As it happens, I have parked in my garage two vehicles that illustrate as well as any the rapid evolutionary curve of the modern SUV. In one bay sits my wife’s 2014 BMW X5 xDrive35d, nicknamed Axel, the current-generation, diesel-powered version of BMW’s tall-seating luxuro-barge. It’s smooth as a 5-series, comfortable and cosseting, powerful and sure-footed, safe as a vault, a lovely technological tour de force with appealing gizmos galore.
In the bay next to Axel sits something altogether different, a beast from another age of SUV mindset, carved from ingots and giving not two shits to mealy concepts such as luxury or even particular comfort: The Chief.
The Chief is a 2012 Toyota FJ Cruiser, the Trail Teams version (of which Toyota made 2500 that year), painted in blazing Radiant Red from running board to rooftop with the hard bits done up in anodized black. It’s fitted with Bilstein shocks for an even more compliant off-road ride, burly 16-inch alloy wheels over massive and deeply treaded BFGoodrich rubber, slim rock rails and skid plates galore, with a TRD exhaust to give it more of a menacing bark. It is not subtle. And I love it. Or I should say, we love it. But more on that later.

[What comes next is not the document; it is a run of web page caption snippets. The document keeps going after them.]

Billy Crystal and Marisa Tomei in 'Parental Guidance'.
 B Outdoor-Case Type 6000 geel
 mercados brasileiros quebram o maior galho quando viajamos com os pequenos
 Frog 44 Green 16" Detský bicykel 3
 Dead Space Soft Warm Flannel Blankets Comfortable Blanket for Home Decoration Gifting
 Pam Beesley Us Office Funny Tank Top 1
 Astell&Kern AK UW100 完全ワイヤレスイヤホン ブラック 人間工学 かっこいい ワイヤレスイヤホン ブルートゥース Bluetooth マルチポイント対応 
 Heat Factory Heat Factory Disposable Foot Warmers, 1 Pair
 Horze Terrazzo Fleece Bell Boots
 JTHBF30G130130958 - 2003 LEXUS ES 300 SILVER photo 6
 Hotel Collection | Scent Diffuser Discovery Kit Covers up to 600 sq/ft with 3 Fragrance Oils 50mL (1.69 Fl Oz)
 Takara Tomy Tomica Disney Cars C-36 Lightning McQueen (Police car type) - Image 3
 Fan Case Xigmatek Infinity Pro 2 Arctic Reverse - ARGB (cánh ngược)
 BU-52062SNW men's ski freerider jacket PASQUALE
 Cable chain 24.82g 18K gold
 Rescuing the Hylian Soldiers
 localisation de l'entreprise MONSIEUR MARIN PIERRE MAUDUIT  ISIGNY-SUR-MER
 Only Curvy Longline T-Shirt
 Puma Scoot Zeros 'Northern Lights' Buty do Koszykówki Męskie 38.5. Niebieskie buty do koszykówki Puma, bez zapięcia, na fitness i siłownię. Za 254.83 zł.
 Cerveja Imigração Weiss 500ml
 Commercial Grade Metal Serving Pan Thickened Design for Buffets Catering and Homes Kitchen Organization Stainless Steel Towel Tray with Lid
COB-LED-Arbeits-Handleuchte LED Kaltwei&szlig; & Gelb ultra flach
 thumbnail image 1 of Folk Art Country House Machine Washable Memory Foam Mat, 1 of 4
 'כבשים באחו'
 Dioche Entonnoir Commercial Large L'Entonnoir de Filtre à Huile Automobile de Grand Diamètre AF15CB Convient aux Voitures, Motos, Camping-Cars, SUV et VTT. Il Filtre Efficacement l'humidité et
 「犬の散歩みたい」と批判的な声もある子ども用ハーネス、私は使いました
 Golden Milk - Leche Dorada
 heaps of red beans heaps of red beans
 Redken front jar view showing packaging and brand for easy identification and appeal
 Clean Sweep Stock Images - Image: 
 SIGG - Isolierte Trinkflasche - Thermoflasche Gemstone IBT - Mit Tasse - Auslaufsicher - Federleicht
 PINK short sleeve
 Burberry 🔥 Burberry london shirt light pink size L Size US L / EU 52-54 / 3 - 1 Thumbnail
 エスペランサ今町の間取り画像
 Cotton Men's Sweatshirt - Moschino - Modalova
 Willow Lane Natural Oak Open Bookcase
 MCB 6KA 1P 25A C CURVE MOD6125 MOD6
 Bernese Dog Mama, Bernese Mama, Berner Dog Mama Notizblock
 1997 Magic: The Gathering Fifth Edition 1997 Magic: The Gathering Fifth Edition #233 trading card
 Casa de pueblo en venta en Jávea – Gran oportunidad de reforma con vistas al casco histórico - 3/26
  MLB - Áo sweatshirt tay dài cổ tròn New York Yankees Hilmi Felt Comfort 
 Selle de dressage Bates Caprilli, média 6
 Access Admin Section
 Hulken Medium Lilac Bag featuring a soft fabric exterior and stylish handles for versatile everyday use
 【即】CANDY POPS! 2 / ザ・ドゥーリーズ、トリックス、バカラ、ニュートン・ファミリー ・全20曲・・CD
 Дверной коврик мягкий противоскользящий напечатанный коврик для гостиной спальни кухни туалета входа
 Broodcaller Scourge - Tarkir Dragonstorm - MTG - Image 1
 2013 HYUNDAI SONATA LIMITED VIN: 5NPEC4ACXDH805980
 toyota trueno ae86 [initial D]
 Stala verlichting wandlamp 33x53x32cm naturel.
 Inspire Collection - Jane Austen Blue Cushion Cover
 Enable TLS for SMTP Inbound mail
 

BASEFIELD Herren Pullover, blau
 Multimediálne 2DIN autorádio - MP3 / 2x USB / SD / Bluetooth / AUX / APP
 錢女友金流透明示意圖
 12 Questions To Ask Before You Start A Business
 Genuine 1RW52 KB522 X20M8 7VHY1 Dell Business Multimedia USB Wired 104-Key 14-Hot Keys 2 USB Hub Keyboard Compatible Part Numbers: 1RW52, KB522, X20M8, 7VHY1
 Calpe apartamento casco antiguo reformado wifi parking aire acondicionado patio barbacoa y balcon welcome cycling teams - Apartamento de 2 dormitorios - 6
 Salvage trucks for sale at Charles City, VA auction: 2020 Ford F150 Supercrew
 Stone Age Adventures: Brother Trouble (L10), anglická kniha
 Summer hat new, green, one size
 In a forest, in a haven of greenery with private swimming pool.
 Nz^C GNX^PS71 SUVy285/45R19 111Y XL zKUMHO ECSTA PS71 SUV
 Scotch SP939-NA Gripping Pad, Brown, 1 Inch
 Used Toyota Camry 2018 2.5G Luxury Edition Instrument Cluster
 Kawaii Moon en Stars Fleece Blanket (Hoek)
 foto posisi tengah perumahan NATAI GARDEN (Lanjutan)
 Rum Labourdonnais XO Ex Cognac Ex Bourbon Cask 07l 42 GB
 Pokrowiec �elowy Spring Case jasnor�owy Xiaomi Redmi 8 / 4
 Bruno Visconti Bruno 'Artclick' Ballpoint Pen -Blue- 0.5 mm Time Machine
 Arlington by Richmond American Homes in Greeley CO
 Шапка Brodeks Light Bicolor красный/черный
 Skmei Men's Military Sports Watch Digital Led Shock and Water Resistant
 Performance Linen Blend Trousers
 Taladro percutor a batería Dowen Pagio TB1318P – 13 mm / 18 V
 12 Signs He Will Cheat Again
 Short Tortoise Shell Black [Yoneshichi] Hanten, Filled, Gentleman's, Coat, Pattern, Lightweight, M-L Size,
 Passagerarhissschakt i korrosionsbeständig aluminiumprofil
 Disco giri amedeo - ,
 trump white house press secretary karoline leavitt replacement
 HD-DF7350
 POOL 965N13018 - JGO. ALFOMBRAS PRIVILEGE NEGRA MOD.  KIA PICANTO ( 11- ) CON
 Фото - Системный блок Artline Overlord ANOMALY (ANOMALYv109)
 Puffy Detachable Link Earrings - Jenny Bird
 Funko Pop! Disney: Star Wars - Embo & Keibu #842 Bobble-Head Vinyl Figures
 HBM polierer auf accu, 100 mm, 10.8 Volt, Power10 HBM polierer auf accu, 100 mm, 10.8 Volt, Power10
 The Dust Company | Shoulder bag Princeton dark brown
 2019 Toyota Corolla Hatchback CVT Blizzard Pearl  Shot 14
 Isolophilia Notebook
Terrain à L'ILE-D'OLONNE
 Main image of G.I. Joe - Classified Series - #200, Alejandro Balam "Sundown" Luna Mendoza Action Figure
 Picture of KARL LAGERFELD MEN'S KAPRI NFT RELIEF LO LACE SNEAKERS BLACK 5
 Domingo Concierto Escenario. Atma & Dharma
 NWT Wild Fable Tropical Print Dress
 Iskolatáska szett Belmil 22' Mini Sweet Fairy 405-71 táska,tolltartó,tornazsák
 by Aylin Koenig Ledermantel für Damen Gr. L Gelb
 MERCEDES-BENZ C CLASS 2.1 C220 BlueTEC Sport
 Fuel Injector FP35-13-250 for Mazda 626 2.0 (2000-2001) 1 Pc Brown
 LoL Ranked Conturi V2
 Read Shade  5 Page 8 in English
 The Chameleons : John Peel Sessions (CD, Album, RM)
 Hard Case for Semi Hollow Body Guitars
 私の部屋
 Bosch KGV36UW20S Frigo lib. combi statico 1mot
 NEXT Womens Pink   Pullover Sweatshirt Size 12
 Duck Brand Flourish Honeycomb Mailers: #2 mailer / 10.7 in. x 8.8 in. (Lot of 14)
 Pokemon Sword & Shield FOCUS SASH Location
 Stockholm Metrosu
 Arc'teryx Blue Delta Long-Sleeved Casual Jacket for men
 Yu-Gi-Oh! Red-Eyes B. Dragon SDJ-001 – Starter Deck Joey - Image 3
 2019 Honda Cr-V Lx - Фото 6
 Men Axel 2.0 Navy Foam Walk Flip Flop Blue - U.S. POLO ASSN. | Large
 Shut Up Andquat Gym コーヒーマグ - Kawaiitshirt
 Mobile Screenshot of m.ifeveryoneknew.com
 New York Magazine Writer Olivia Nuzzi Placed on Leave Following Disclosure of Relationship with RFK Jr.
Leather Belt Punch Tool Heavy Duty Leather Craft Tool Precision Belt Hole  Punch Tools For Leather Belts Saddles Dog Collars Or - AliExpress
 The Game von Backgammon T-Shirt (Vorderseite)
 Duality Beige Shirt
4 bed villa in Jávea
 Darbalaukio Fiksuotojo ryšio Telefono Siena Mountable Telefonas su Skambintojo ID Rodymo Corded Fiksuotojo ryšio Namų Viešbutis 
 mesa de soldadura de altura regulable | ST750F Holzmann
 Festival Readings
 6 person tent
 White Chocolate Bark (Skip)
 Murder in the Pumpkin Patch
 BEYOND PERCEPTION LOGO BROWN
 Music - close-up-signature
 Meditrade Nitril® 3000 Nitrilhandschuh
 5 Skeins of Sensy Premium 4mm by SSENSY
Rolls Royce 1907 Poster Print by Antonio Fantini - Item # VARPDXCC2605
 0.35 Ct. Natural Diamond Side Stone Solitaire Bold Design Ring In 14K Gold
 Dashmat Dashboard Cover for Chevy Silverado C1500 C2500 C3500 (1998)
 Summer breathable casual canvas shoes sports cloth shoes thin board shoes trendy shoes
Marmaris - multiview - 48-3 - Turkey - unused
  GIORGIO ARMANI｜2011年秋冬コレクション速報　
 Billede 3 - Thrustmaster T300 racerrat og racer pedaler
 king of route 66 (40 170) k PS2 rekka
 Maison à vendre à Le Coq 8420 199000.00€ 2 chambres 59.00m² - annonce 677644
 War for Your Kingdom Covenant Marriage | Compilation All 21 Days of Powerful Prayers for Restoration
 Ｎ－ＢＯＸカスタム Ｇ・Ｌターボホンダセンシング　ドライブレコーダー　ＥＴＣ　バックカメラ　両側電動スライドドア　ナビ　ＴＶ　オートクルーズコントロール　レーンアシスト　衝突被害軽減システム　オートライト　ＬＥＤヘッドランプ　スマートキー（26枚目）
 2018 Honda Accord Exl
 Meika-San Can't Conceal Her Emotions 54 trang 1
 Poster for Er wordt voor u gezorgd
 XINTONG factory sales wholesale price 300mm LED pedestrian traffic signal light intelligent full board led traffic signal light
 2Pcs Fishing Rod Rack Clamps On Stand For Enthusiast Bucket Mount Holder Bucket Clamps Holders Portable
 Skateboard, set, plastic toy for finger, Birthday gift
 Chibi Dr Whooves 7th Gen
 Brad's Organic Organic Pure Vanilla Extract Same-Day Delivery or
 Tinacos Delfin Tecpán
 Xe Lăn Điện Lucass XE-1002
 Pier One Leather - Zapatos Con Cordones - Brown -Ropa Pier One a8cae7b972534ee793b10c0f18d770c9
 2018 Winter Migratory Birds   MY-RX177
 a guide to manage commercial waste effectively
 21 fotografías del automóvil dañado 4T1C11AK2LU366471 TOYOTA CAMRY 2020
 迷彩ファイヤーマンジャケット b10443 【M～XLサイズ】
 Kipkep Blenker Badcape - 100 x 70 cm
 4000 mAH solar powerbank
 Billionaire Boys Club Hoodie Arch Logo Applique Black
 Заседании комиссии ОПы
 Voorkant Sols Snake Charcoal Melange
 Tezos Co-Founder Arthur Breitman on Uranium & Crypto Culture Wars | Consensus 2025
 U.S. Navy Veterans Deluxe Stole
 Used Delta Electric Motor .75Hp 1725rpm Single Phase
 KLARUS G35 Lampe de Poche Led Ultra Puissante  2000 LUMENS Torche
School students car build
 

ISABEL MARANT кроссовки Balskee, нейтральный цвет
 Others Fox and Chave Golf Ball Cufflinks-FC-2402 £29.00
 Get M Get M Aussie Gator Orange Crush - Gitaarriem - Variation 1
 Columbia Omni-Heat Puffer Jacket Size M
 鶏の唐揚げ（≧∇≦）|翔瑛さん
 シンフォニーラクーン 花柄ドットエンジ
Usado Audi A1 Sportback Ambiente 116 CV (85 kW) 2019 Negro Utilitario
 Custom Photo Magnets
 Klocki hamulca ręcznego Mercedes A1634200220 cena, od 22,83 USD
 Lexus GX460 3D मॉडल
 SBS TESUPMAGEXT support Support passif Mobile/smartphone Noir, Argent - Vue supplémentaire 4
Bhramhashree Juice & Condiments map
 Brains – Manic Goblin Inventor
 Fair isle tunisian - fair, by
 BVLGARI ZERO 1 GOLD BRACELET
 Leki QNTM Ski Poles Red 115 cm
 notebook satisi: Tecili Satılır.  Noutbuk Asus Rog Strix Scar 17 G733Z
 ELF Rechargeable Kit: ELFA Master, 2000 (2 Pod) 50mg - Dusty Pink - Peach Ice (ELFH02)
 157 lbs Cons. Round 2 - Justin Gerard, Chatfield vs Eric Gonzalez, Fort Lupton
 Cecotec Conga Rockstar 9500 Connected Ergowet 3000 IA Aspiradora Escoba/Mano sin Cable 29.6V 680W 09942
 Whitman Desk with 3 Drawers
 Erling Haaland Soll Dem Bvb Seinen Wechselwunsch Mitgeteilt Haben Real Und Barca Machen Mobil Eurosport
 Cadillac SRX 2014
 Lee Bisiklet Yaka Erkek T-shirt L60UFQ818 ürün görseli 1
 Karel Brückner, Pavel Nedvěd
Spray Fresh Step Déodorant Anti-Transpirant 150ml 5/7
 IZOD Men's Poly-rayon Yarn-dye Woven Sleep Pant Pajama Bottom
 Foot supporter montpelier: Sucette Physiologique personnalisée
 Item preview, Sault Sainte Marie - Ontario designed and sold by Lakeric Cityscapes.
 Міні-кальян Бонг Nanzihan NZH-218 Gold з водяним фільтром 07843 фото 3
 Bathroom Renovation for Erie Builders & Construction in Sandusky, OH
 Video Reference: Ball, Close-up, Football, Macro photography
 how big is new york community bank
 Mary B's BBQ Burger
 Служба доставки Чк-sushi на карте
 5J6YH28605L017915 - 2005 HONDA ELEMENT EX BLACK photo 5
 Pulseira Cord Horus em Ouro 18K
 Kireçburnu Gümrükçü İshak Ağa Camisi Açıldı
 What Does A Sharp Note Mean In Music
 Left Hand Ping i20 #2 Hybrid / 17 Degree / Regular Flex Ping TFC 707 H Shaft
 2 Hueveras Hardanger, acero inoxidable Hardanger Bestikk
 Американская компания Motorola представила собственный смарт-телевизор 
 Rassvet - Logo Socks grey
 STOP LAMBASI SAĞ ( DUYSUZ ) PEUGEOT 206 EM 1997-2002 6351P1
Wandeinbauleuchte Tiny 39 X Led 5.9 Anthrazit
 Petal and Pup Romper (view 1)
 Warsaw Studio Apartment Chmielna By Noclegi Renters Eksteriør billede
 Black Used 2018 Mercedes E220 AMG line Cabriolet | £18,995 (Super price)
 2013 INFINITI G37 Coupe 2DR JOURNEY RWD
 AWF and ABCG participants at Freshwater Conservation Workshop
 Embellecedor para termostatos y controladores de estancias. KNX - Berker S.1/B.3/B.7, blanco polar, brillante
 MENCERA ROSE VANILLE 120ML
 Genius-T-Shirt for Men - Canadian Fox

The FJ Cruiser was an anachronism from the start. Manufactured by Toyota in their Hamura, Japan, factory from 2006 to 2014, the FJ was originally designed as an homage to the rightly famous FJ40 utility vehicles that were manufactured for twenty-plus years beginning in the mid-1960’s. The original FJ40 is well known, from the baked Africa plain to the frozen Alaska bush, for its toughness and durability, and continues to be a popular choice for vintage SUV buyers and well-heeled hipsters alike. Even Icon, the California maker of amazing resto-mod 4x4s, has a stunning riff on the original FJ40 (for upwards of $100k, natch). And the collector’s market has begun to inflate prices for pristine examples, with immaculately restored FJs sharing tony auction stages with Italian sports cars and Gilded-Age American classics at places such as Scottsdale, Monterey, and Amelia Island.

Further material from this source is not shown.